- _DATA FOR THIS TASK_:
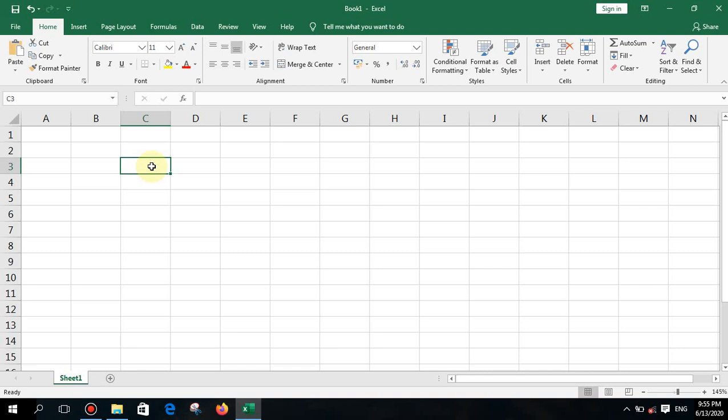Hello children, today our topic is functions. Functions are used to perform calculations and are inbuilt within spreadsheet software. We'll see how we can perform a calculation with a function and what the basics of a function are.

---

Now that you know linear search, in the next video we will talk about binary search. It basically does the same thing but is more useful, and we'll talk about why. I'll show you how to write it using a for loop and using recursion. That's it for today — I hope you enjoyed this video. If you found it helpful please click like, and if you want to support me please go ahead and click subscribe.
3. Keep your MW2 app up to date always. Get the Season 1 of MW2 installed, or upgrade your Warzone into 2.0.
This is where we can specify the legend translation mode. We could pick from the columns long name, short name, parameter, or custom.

---

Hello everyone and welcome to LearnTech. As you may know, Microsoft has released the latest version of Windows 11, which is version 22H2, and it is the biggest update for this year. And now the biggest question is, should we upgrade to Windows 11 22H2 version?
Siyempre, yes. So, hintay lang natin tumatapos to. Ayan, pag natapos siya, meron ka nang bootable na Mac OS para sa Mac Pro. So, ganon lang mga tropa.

- _WHAT THIS TASK INVOLVES_:
Scan the material above for the string "know" and copy every line that has it.

- _ANSWER TO THIS PROBLEM_:
Now that you know linear search, in the next video we will talk about binary search. It basically does the same thing but is more useful, and we'll talk about why. I'll show you how to write it using a for loop and using recursion. That's it for today — I hope you enjoyed this video. If you found it helpful please click like, and if you want to support me please go ahead and click subscribe.
Hello everyone and welcome to LearnTech. As you may know, Microsoft has released the latest version of Windows 11, which is version 22H2, and it is the biggest update for this year. And now the biggest question is, should we upgrade to Windows 11 22H2 version?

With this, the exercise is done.